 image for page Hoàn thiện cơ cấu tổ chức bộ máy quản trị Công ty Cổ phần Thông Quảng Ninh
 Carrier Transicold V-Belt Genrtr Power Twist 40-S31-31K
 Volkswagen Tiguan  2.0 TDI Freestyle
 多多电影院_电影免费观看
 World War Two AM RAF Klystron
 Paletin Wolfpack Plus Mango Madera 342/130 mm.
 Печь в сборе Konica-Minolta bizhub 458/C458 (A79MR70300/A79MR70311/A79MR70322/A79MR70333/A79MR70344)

==

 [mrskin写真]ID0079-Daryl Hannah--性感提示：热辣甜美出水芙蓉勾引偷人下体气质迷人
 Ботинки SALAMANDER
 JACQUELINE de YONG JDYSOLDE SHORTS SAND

TASK
Reproduce exactly, and only, the part of the listing above that begins at the line with "多多电影院_电影免费观看" and goes on through the line with "Печь в сборе".

SOLUTION BELOW
 多多电影院_电影免费观看
 World War Two AM RAF Klystron
 Paletin Wolfpack Plus Mango Madera 342/130 mm.
 Печь в сборе Konica-Minolta bizhub 458/C458 (A79MR70300/A79MR70311/A79MR70322/A79MR70333/A79MR70344)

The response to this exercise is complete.